Tschechows Komödie über blinde, strukturell selbstgewisse Eliten, untergehende Kulturgüter, aufsteigende Realos scheint zurzeit in den Theater-Dramaturgien derart viele Identifikationsnerven zu treffen, dass „Der Kirschgarten“ nachgerade zum Stück der Saison mutiert. Allein in Berlin kommt er dieser Tage gleich dreifach unter den Hammer. Nachdem Thomas Langhoff jetzt im Berliner Ensemble den Anfang machte, ziehen im Dezember Thorsten Lensing und Jan Hein in den Sophiensaelen nach (mit Joachim Król und Devid Striesow). Im Februar folgt Stephan Kimmig am Deutschen Theater.

Dass Langhoff am BE mit einer radikal zeitgenössischen Perspektive in diese inoffiziellen kleinen „Kirschgarten“-Festspiele starten würde, war von vornherein nicht zu befürchten. Dass sich das Berliner Ensemble einer Ästhetik verpflichtet fühlt, bei der sich die Schauspieler weit ausholend die Hand vor den Mund schlagen, wenn „Überraschung“ oder „Erschrecken“ darzustellen ist, ist unter Theatergängern sattsam bekannt. Deshalb dazu nur so viel: Es hat sich nicht grundlegend geändert.

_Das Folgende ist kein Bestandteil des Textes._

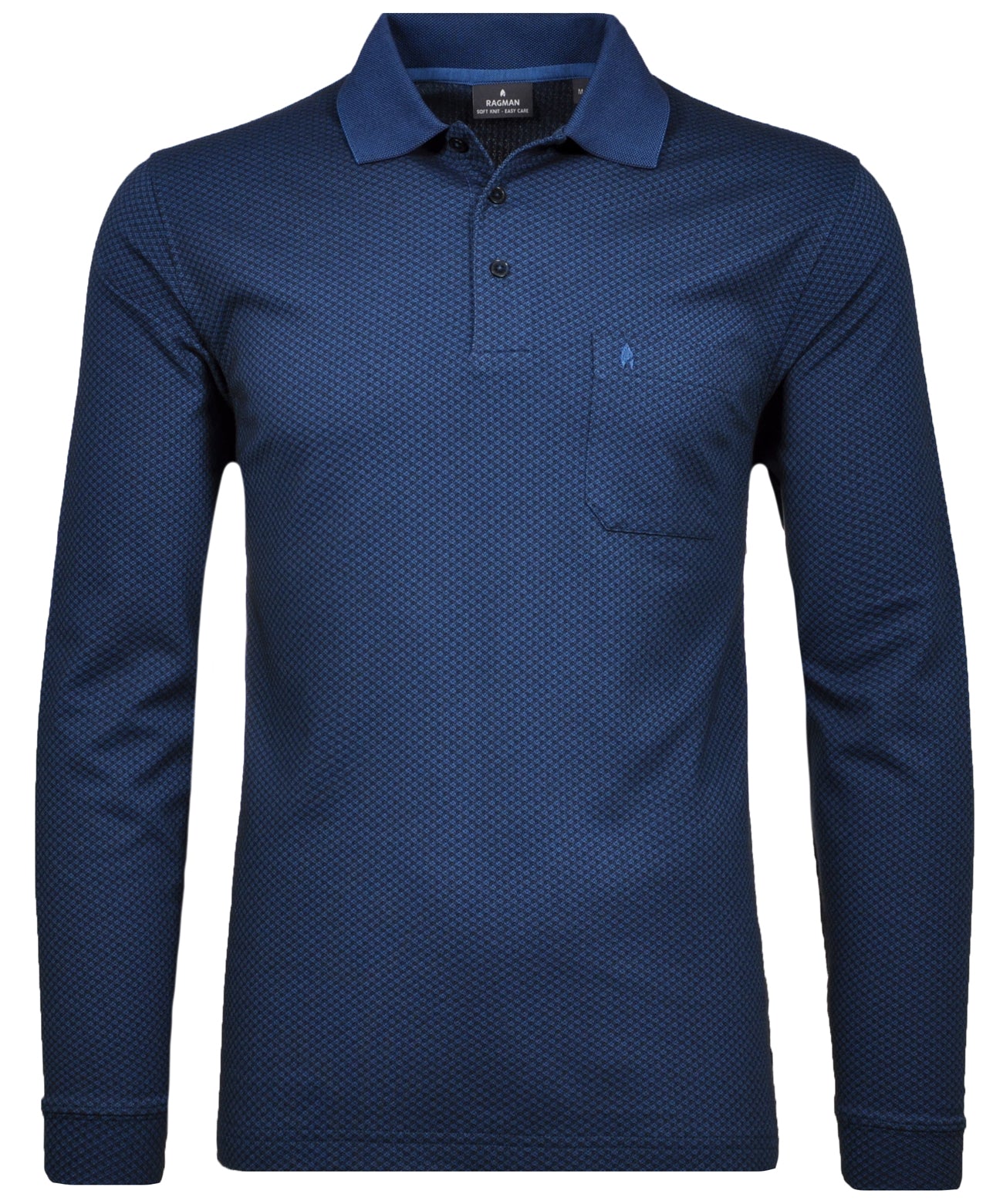 Polo longues manches ragman hommes grandes tailles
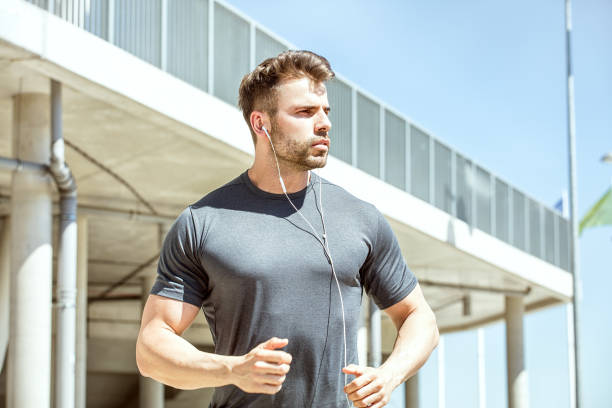 istock Handsome man outdoor. Sport concept. 693060988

Interessanter als die antiquierten Volkstänze, zu denen Langhoff bei der Party im dritten Akt noch aufspielen lässt, ist allemal die Frage der Sympathienverteilung in diesem Auf- und Abstiegsspiel. Und die beantwortet die Inszenierung relativ eindeutig: Sie schlägt sich – angesichts ihrer eigenen konventionellen Ästhetik nicht ganz unoriginell – auf die Seite des Aufsteigers Lopachin. Sofern man die Tatsache, dass sie ihm im Gegensatz zum Gutsbesitzerinnen-Trupp mehr als drei, vier verschiedene Gesichtsausdrücke und Emotionen zugesteht, als Sympathiebekundung wertet. Im Vergleich etwa zu Ranjewskajas Bruder Gajew (Martin Seifert), der von der ersten bis zur letzten Sekunde als Witzfigur auf einer einzigen Tonlage durchs Geschehen marschiert, taugt Robert Gallinowski als bulliger Underdog-Lopachin mit ausdrücklich weichem Kern und angemessen geschmacksunsicherem Leinen-Jackett zweifelsohne am ehesten zur Identifikationsfigur. Wie ihn die bockbeinige Blindheit der Ranjewskaja gegenüber ökonomischen Zwängen innerlich in den Wahnsinn treibt, kann man schon deshalb sehr gut nachvollziehen, weil die Gutsherrin bei Cornelia Froboess jeden einzelnen Lopachin-Vorstoß mit dem gleichen hysterischen Lachausbruch quittiert. So verliert man bereits ziemlich früh jedwedes Interesse an ihrer Figur und schreckt total überrascht aus dem Sitz hoch, als sie kurz vor Schluss bei der Nachricht vom „Kirschgarten“-Verkauf von einem kleinen Weinkrampf heimgesucht wird.

Ranjewskajas Tochter Anja (Anna Graenzer) – bei Tschechow eine der interessantesten Figuren – beschränkt sich hier darauf, als dauerbeseelt lächelnde Streberin übers Szenario zu hüpfen. Und so hängt alles an Firs, dem alten Diener, der am Schluss von den Abreisenden einfach im Haus vergessen wird und den Jürgen Holtz zu einer Art heimlichem Hauptdarsteller macht. Wer in das Gesicht dieses Schauspielers schaut, der den grandios gespielten äußeren Verfall mit einer messerscharfen Textarbeit kontrastiert, erfährt mehr über Auf- und Abstiege, die Dialektik von Herr und Knecht und gesellschaftliche Umbrüche (beziehungsweise ihr Ausbleiben) als vom Rest dieser „Kirschgarten“-Gesellschaft zusammen.

Wieder am 31.10. sowie 15. und 18. 11.